WHAT THE TASK REQUIRES ▸
Reproduce the entire listing exactly. Leave the pictures out.
**** INFORMATION SHOWN ****
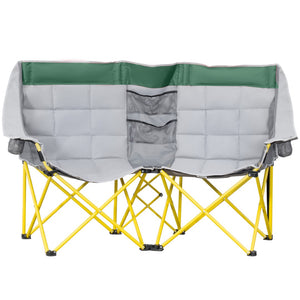 English Elm Outsunny Oversized Loveseat Camping Chair For Two, Portable Folding Chair With Cup Holders & Storage W2225P217041-GIGA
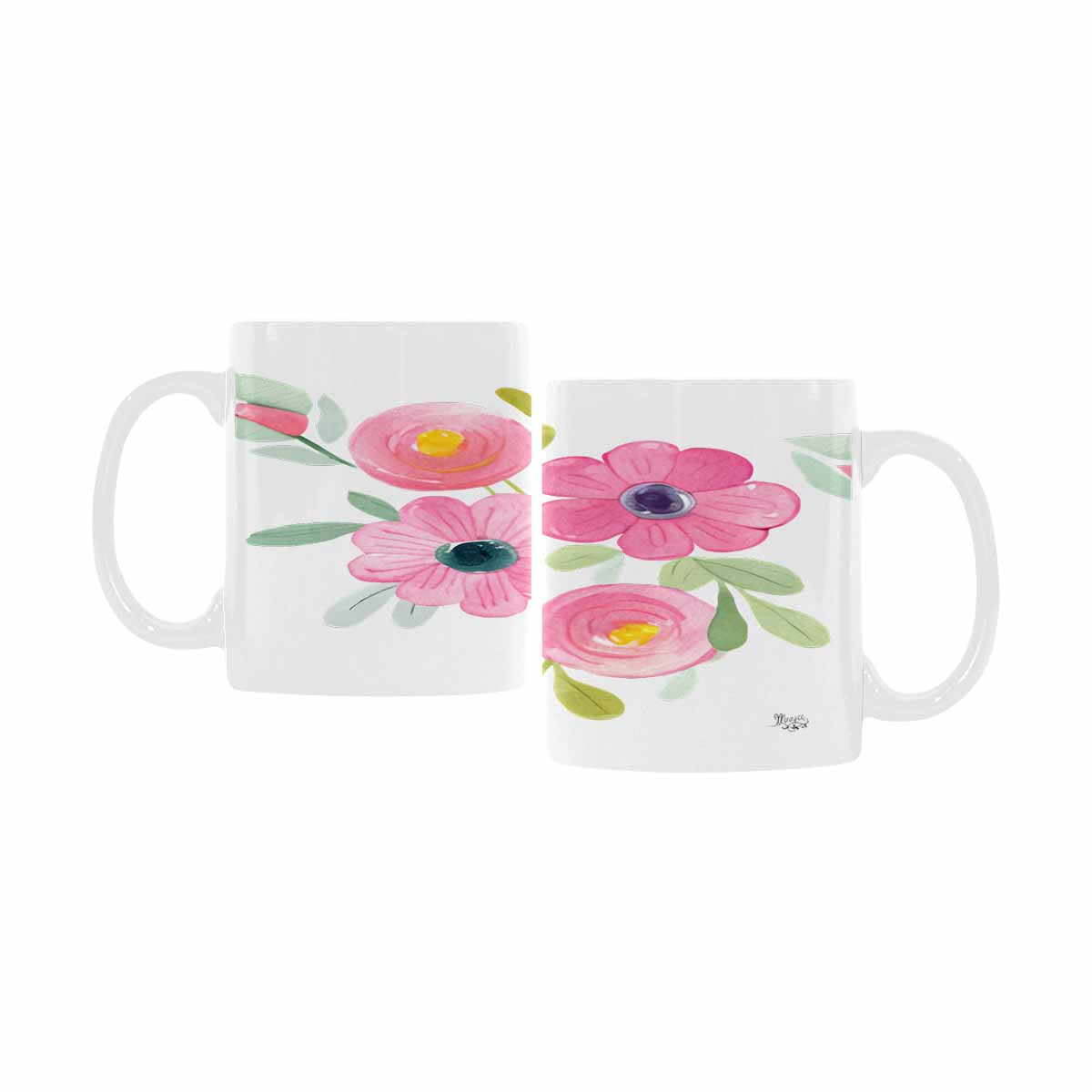 USA made Quality Mug, coffee mug, tea cup, Bright florals, Set 2, design 41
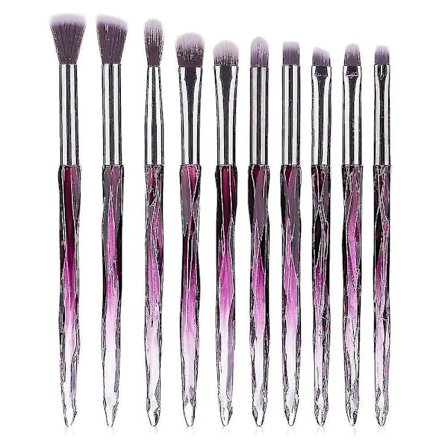 10 Pieces Purple Makeup Eye Brush Set,diamond Handle Eyeshadow Makeup Brushes,professional Cosmetics Eyebrow Lip Make Up Tools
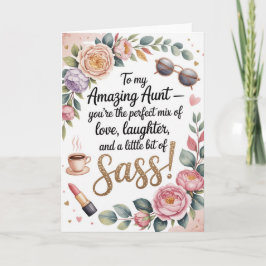 Feminine Birthday Card with Floral and Glitter Kaart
****
OUTPUT FOR THIS EXERCISE ▸
 English Elm Outsunny Oversized Loveseat Camping Chair For Two, Portable Folding Chair With Cup Holders & Storage W2225P217041-GIGA
 USA made Quality Mug, coffee mug, tea cup, Bright florals, Set 2, design 41
 10 Pieces Purple Makeup Eye Brush Set,diamond Handle Eyeshadow Makeup Brushes,professional Cosmetics Eyebrow Lip Make Up Tools
 Feminine Birthday Card with Floral and Glitter Kaart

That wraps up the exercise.